La tragedia no descansa en vacaciones, tampoco la maldad. Mujeres que siguen cayendo a manos de sus parejas en un siniestro goteo de sangre sin fin, o embarcaciones cargadas de inmigrantes que vagan desalentadas por los mares en espera de que se les abra las puertas de un dudoso paraíso. Y de pronto la muerte en forma de viaducto que se desploma sobre una autopista de Génova y se cobra, según el recuento provisional, 40 vidas que serán más cuando la terrible cuenta haya concluido, mientras, como siempre ocurre ante estos despropósitos en los que se mezcla la mala suerte con la negligencia, las autoridades se afanan en señalar a los culpables de un desastre que ellas mismas podrían haber evitado. Ese mismo día, martes negro del risueño agosto, la locura terrorista volvía a uno de los lugares de Londres más visitados por los turistas, el Westminster del Big Ben y el Parlamento, contra el que acabó empotrado un coche tras arrollar a un grupo de ciclistas que afortunadamente solo sufren heridas, aunque quizá la peor sea la inferida simbólicamente a la sede del poder legislativo británico, atacada por segunda vez en dieciocho meses.

Entre tanto desastre, ha pasado casi desapercibido un suceso conmovedor, como lo es todo lo que pone al descubierto la iniquidad de la que es capaz el ser humano. El pasado día 10 mataron en la Amazonia de Perú, donde había dejado lo mejor de sí durante casi cuarenta años, al jesuita onubense Carlos Riudavest, de 73 años. Su cadáver fue encontrado maniatado y con golpes en la cabeza por la cocinera del colegio que él dirigía en la selva. Se apunta como sospechoso a un exalumno del centro, perteneciente a la red educativa Fe y Alegría, una alianza internacional de escuelas de buena calidad para alumnos pobres o marginados. Al parecer, el supuesto homicida había sido expulsado por el sacerdote, al que desde entonces amenazaba. Pero en realidad el jesuita, al que sus superiores definen como un hombre «muy comprometido con su misión, en una zona difícil», podría haber sido víctima de cualquiera de los muchos jóvenes que conviven en la residencia, de sus familiares o del primero que pasara por allí, una zona agreste y llena de tensiones donde la vida pende de un hilo.

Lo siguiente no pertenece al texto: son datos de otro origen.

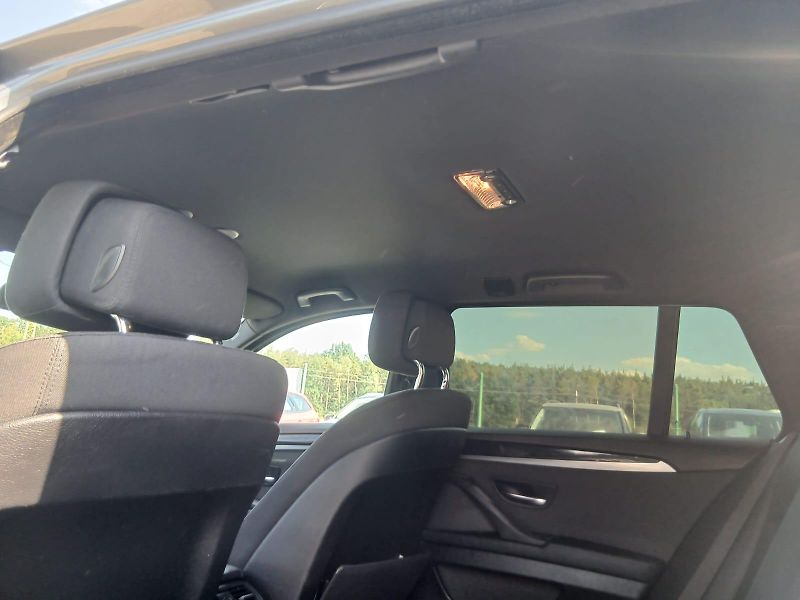 BMW Řada 5 530 D, X Drive,  4x4, 190 kW - fotka 32 z 47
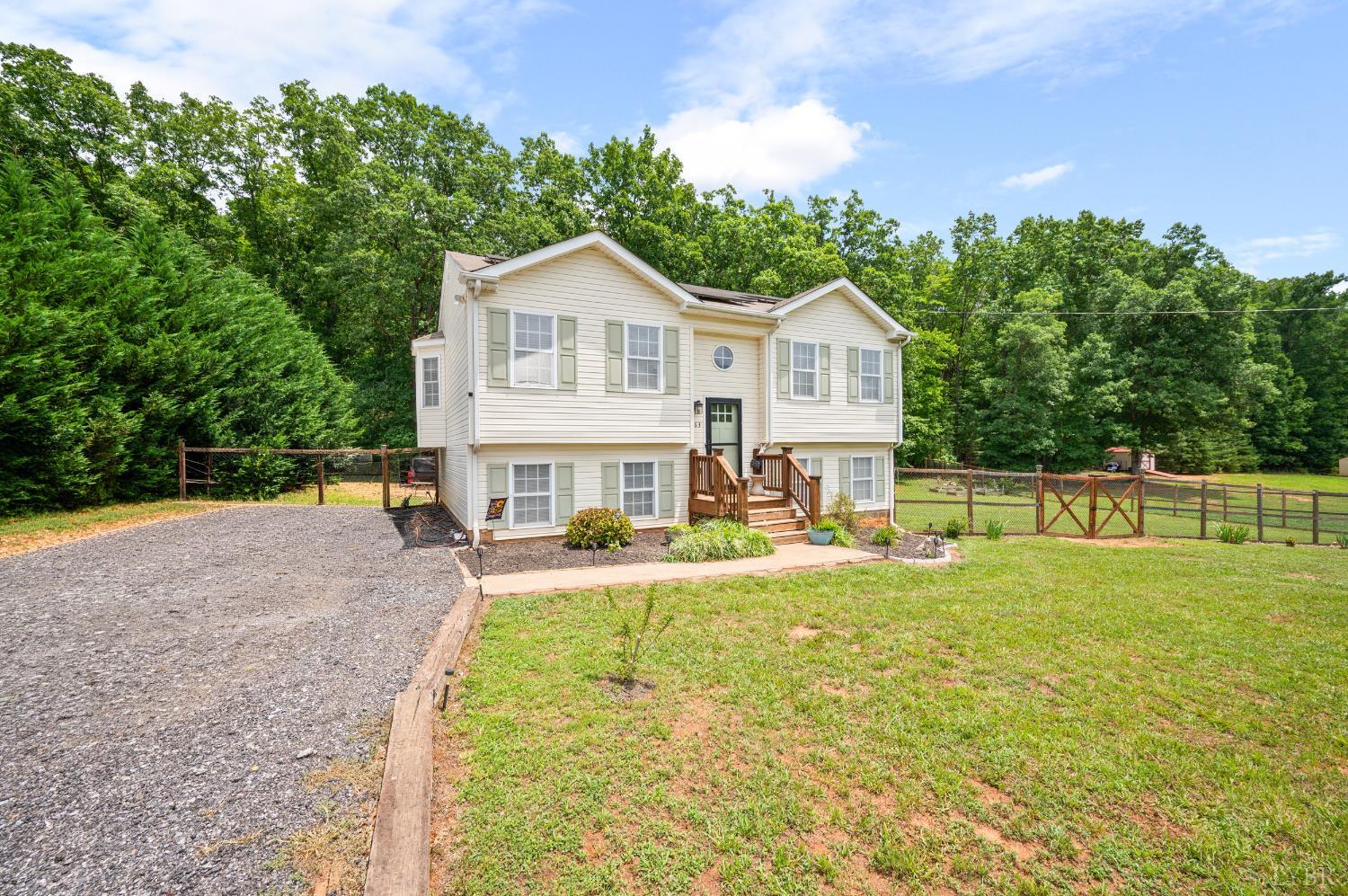 163 Samson Way Madison Heights, VA 24572 - Photo 31 of 54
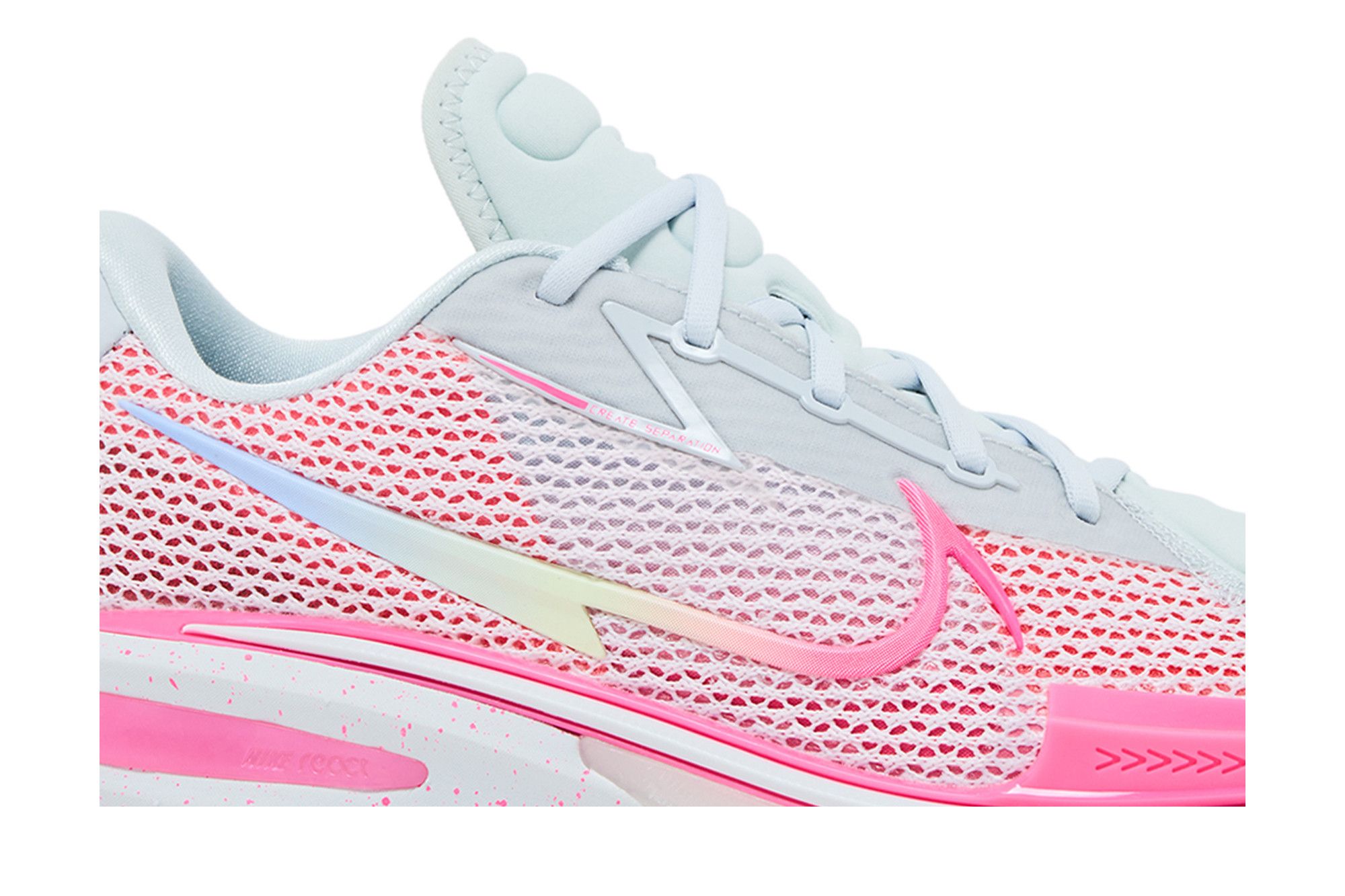 Buy Nike Air Zoom GT Cut 'Think Pink' 2025 - CZ0175 008 25 | GOAT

Es el riesgo al que se enfrentan a diario cientos de hombres y mujeres, religiosos o laicos, que hacen de su existencia una entrega generosa a los demás en tierras lejanas, desprovistas de todo y casi siempre hostiles, como bien sabe nuestro obispo cordobés de Bangassou, Juan José Aguirre. Según datos de la agencia Fides, órgano de información del Vaticano, un total de veintitrés misioneros católicos fueron asesinados en todo el mundo durante el año 2017: trece sacerdotes, un fraile, una monja y ocho seglares. Y hasta ofrece la agencia una lista de los continentes más peligrosos, que encabeza América, seguida de África y Asia.

Por todos ellos se extiende la entrega de estas personas hechas de una pasta especial, ajena a intereses y miedos. Valientes sin más recompensa que la de saberse útiles a los demás. Y si alguna vez les llega el reconocimiento es a título póstumo, como en el caso del hermano Pedro Manuel Salado, que vivió ocho años en el Hogar de Nazaret de la calle Osio de Córdoba hasta ser destinado al de Quinindé en Ecuador. Allí, en 2012, falleció tras el esfuerzo de salvar a siete niños de morir ahogados, por lo que la diócesis cordobesa acaba de abrirle causa de beatificación. Sí, el mal no descansa nunca, pero quedan héroes anónimos que lo combaten.